The Fitz Files: it's a Buddy nightmare

By Peter Fitzsimons
Updated March 21 2014 - 4:14pm, first published 3:41pm

I will not be unkind. I will not be unkind. I will NOT be unkind.

OK, I think I’ve got it. I think I can manage this ...

It is about the Swans and Buddy Franklin. You will recall your humble correspondent ranting unpleasantly from the beginning that the deal between the Swans and Franklin last year – whereby a club famous for its team-first, team-always culture put $10 million over nine years towards a 27-year-old party fiend with chronic knee problems who didn’t finish in the top 10 of the best and fairest in his last season with Hawthorn – might have been a tad close to the worst decision made by a sporting organisation since Balmain decided to get Alan Jones to coach them in 1989.

And last Saturday we had, if not the denouement, then at least the beginnings of it.

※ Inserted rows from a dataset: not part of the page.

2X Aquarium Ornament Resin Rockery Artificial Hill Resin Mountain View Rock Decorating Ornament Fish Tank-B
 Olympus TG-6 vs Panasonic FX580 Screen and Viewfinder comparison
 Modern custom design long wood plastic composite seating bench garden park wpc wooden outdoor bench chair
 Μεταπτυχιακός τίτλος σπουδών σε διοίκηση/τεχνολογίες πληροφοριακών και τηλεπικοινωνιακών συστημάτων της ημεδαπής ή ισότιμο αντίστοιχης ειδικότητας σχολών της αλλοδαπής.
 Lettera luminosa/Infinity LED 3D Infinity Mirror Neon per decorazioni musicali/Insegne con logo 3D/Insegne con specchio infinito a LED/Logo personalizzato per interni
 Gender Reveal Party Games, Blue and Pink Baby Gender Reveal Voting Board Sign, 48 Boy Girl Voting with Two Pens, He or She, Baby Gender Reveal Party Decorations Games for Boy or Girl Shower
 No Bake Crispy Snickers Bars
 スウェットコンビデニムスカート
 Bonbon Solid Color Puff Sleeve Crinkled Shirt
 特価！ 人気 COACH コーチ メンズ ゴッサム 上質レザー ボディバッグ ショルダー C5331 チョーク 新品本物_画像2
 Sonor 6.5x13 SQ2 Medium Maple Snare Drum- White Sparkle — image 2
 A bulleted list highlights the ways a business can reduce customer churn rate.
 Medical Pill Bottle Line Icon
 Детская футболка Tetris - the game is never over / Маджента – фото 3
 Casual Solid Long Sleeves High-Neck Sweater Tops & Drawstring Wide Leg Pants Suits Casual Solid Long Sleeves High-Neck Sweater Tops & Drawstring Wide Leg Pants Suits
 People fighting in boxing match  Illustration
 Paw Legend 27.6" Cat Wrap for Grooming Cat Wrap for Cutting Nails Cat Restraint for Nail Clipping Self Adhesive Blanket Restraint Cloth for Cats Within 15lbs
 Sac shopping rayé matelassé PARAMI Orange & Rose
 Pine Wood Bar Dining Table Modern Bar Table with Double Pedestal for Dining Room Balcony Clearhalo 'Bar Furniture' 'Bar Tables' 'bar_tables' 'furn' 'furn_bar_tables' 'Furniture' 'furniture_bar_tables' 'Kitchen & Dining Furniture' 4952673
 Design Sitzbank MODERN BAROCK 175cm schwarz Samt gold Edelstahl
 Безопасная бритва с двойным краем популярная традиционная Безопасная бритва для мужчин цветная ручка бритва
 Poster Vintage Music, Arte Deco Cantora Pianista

For when you have Greater Western Sydney spending the money it could have given to Franklin on securing four – count ‘em FOUR – experienced, first-class AFL players and dusting the Swans in the first round, with Franklin only getting one goal and looking out of sorts meantime, is it not bleeding obvious that things are awry? If that his how the first game of a nine-year stretch looks like, how do you dinkum think the last game will be?

Insanity from the first.

Send angry emails, etc, to pfitzsimons@smh.com.au, and see if I care. I shall be in my trailer.

Stand down for your own good, Liam

Takes my breath away. Here is the Wests Tigers Liam Fulton midweek on being concussed: “Oh, mate, I've been knocked out that many times that I'm probably beyond it, to be honest. I’ve been knocked out over 10 times. If I’m going to get dementia I'm going to get it ... What can I do about it? To be honest, I saw the articles and read them all and I still wanted to play. You get paid well and I think everyone knows there are head knocks involved.”

Yup, but it is only recently footballers have come to understand that you can be every bit as punch-drunk as a boxer by continued head knocks, being treated in exactly the cavalier manner you embody, Liam. Mate, as explained to me by one of the world’s foremost brain specialists in Boston, you need to think of it the way you do when bending a wire coathanger back and forth to break it. At first it's hard, then easier and easier to break. So, too, your grip on consciousness ...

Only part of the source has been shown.